Gillies joins the Barclays board on May 1st, and so will escape the pay protests at the bank’s agm a week tomorrow. But Barclays is likely to be disappointed if it thinks the new appointment will allow it to escape a row over pay.
The shareholder advisory group Pirc had already advised shareholders to block Sunderland’s re-election as head of the remuneration committee. That won’t be an issue now, as Barclays has made clear he will be vacating that position, and most likely resigning from the board too, later in the year. Gillies will take over as head of the pay committee once a smooth transition can be assured, the bank said yesterday.
Institutional anger on bonuses at Barclays has been stoked by the fact that, at £2.4 billion, they are almost three times the amount shareholders are receiving in dividends.
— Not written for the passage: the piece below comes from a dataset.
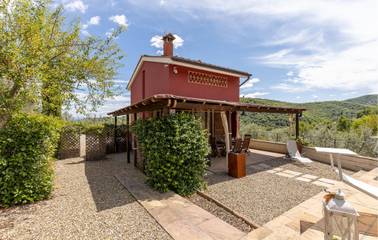 Ferienhaus für 5 Personen in Montevarchi, Arezzo Provinz, Bild 3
Let’s not forget, those same shareholders were asked to stump up £6 billion in a cash call last year, after regulators demanded the bank plug a shortfall in its capital.
There is anger too at the new “role-based allowances” which the banks – not just Barclays – are using to circumvent new EU rules restricting bonuses to 100 per cent of pay, or 200 per cent with shareholder approval. Jenkins is in line to receive a role-based allowance of almost £1 million on top of his salary and various share awards.
Will investors be able to expect a tougher line on pay from Gillies when he takes over? That’s far from clear – a look at his track record on such matters shows that, as head of Standard Life’s remuneration committee, he approved £10 million of bonuses for three of the financial services group’s directors last year.
There was, however, a big difference between the Standard Life bonuses and the Barclays payments – Standard Life met its performance targets and its chief executive was not forced to apologise to shareholders for a series of misdeeds that have cost the business billions.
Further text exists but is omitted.